Verification and Validation Strategy

During the design process, several tools are used to iterate and perform mathematical operations to optimise the design. To proof that these tools deliver the correct results they have to be verified and validated. For this, the following definitions are utilised \cite{VandV_definition}. Verification is to determine if a simulation model accurately represents the chosen physical model. Validation is to determine if the simulation results accurately represent the physical problem. The following tools are used to perform important calculations or aid in crucial design steps.

  • Excel tool to analyse the weight distribution and the resulting centre of gravity

  • Excel tool to analyse the stability and controlability of the design configurations

  • Python tool to perform the trade off of subsystems and the configurations

  • Python tool to simulate the track time around a race track

The first three tools presented are already used at this stage of the project. Several approaches are planned for the track analysis that is to be designed.

Verification

Unit tests These tests are part of the calculation verification. Whenever a tool can be split up into different units that have an individual input and output, it is useful to analyse for the particular part of the tool whether it delivers the correct intermediate results. This can be done for the excel tools and the python tools. In the case of the first excel tool, the total weight as well as the centre of gravity location are calculated by hand and by the tool and the results are compared. For the second tool, the formulas presented in \ref{cha:stability} are calculated by hand using simple, rounded input values. Again, the results are compared. Both tools work correctly. The same approach is taken for the first python tool. Simple inputs and pairwise comparisons are performed by the tool and by hand. The resulting matrices are investigated and the eigenvectors are calculated.

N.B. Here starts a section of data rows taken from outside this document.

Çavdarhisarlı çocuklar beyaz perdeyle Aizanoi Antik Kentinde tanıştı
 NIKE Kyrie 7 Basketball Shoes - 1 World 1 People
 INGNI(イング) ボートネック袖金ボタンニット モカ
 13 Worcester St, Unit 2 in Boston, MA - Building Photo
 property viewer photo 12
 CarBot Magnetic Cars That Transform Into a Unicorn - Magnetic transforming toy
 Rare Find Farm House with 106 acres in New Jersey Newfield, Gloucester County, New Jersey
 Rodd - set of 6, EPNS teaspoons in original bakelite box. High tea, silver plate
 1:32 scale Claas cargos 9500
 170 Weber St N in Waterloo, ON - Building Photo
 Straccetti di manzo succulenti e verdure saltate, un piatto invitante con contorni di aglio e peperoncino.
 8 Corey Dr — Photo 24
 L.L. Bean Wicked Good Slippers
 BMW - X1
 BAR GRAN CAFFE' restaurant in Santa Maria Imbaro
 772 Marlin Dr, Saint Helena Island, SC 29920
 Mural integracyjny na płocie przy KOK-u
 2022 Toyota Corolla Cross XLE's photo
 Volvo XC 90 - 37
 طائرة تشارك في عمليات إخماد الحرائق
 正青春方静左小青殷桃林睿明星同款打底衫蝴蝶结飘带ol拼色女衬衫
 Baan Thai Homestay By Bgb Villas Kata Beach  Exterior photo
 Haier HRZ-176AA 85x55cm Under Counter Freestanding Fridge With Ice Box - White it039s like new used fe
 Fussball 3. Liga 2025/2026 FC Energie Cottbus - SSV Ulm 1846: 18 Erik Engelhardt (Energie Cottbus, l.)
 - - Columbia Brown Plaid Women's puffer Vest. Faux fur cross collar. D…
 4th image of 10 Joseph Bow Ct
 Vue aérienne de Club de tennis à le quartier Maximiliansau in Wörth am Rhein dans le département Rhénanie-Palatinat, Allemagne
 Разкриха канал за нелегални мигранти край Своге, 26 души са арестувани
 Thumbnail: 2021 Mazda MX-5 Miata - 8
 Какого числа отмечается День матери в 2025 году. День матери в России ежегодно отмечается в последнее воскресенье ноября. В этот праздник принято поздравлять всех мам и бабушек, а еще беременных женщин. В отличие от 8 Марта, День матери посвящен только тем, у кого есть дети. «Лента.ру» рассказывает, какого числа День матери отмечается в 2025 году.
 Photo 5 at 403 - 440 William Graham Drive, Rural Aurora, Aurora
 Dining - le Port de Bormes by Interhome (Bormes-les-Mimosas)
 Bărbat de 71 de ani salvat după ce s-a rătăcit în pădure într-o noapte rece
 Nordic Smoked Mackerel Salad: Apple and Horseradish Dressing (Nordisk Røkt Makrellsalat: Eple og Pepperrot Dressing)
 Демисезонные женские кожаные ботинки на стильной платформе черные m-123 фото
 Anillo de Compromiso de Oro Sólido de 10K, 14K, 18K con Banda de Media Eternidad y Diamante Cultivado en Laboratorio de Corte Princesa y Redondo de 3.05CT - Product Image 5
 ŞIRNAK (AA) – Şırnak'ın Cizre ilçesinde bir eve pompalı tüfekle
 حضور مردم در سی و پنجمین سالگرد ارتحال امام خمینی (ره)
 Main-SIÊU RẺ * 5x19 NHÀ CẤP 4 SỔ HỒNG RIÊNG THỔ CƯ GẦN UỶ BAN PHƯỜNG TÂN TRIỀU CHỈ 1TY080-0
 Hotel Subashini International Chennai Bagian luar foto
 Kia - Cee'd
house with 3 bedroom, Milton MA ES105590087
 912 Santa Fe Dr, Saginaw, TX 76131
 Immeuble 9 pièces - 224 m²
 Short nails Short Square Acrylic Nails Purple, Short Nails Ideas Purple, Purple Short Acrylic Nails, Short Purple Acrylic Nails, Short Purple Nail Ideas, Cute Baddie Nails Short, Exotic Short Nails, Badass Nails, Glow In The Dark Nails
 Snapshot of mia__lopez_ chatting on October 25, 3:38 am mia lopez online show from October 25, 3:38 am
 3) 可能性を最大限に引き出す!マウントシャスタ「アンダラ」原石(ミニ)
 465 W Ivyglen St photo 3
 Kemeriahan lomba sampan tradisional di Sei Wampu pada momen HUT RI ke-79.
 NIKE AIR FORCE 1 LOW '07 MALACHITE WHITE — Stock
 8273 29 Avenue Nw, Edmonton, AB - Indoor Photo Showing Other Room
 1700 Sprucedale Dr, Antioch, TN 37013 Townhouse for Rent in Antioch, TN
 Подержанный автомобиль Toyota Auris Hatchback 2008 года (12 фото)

The comparison shows that the result of the tool matches the analytically found result. Also, the puts and inputs of different units are compared to see that the program transfers the correct intermediate results to the next units, verifying the correct working of the entire system. All unit tests are performed for several inputs to verify that the tool works for different cases.

The same approach will be taken for the track simulation. Separate units that determine intermediate results mathematically will be tested against analytical results.

Code verification Python has a built in error detection. This assists the engineers in correcting faulty coding already before the tool is finished. Errors that were detected could immediately be corrected for.

This will also happen when the track simulation is performed.

Validation

Validation is performed by comparing the results of the tools to real life behaviour of a representative test case or another validated tool to make sure that the tool not only delivers mathematically correct values but also serves to solve the problem at hand. The excel tools cannot be validated since no representative data is provided. It could be validated as soon as the plane under consideration is built.

The python tools can be validated. The first one, the trade-off tool, is used with inputs for which the outputs are known. Thus, the output matrices and vectors are validated. The test cases are taken from \cite{AHP_example}. No discrepancies were found and the tool was deemed to work correctly. Therefore, it is validated.

It will be attempted to validate the track simulation by considering a real life track, for which the track characteristics such as distances, speed limits and track requirements are known. By investigating the times real pilots achieve when racing on the track it will be judged whether the tool delivers realistic ideal times. For example, when the tools ideal times are slower than real life times around the track the tool does not deliver correct results and does not solve the problem under consideration. The tool should yield ideal times around the track that are slightly faster than the ones achieved by pilots, since human errors as well as non-ideal conditions are not accounted for in the tool.